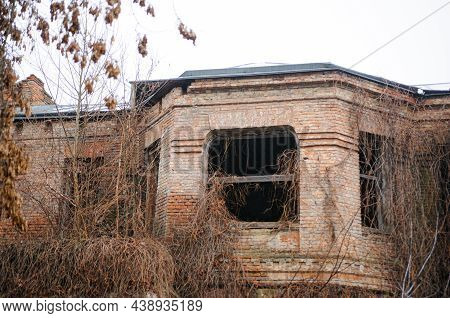 Old Abandoned Mansion In Vinnytska Region Ukraine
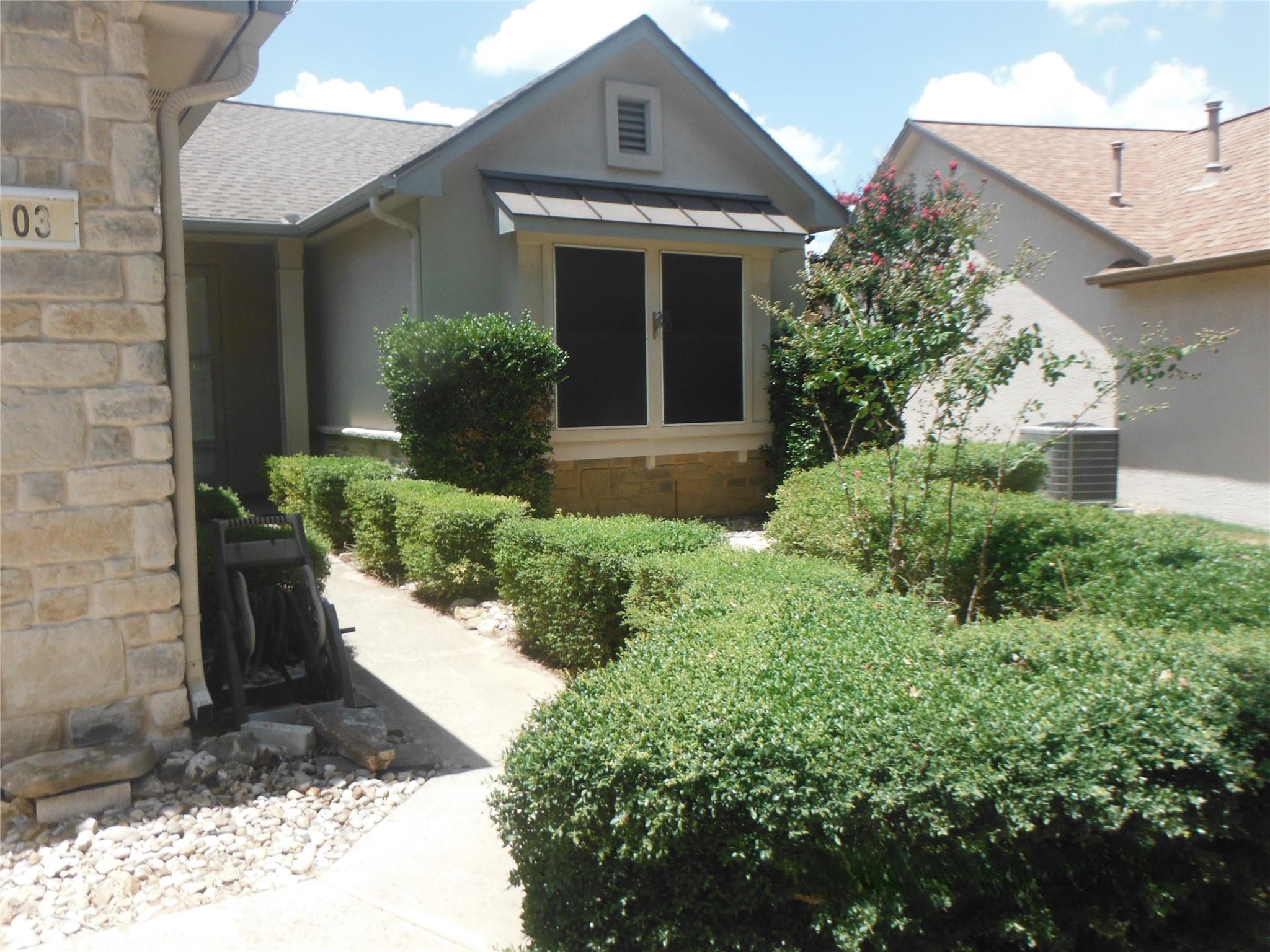 103 Anemone Cir Property Photo 2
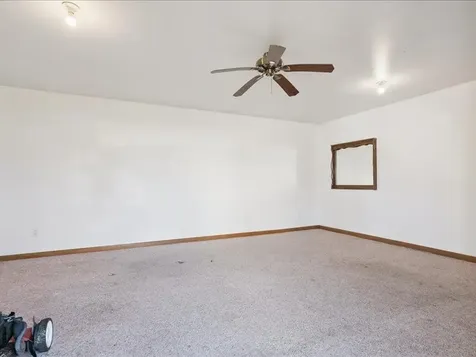 323 N Frederick Avenue Oelwein IA 50662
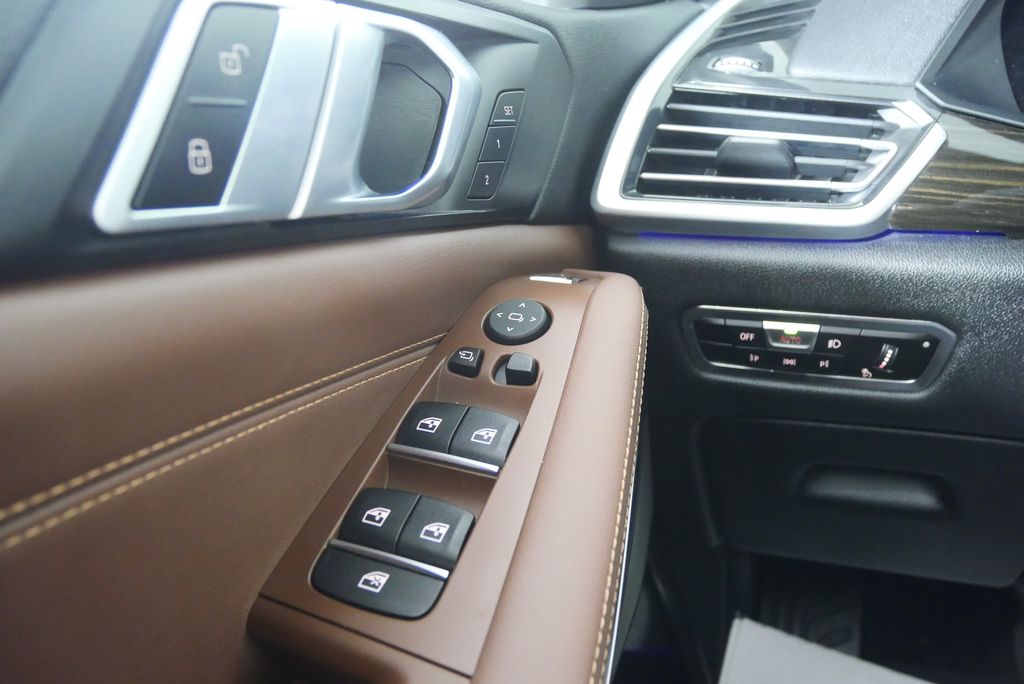 Thumbnail: 2023 BMW X5 - 21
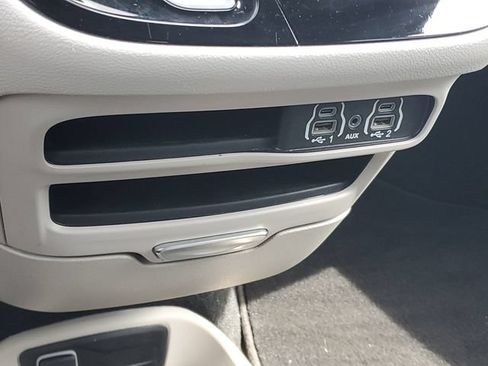 Used 2024 Chrysler Pacifica Touring-L FWD image 30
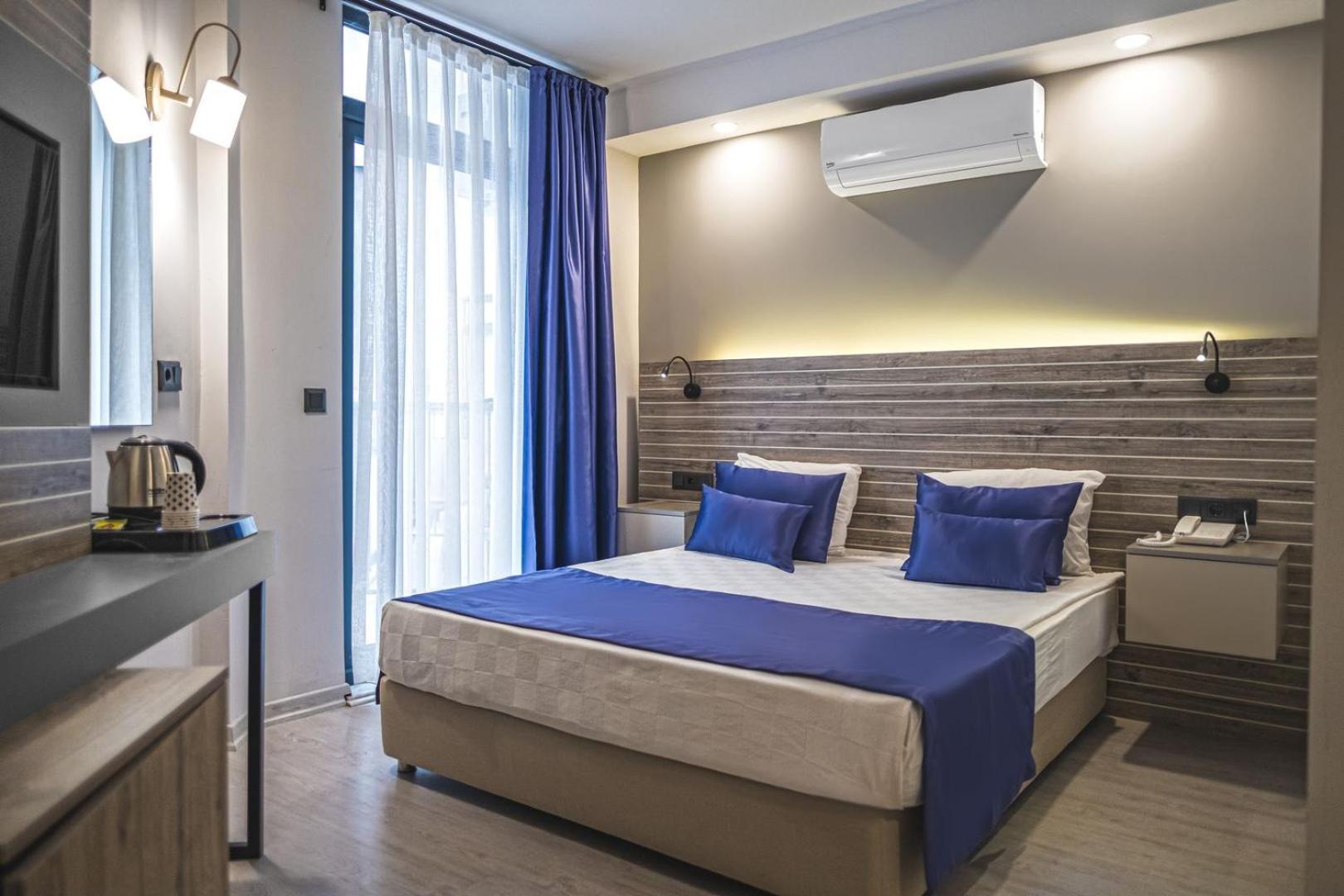 Side Square Hotel מראה חיצוני תמונה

= = = = = = =

→ EXERCISE OBJECTIVE
The lines needed are those from the one containing "Thumbnail: 2023 BMW X5 - 21" through the end of the listing, given again word for word and without any picture.

→ EXERCISE RESULT
 Thumbnail: 2023 BMW X5 - 21
 Used 2024 Chrysler Pacifica Touring-L FWD image 30
 Side Square Hotel מראה חיצוני תמונה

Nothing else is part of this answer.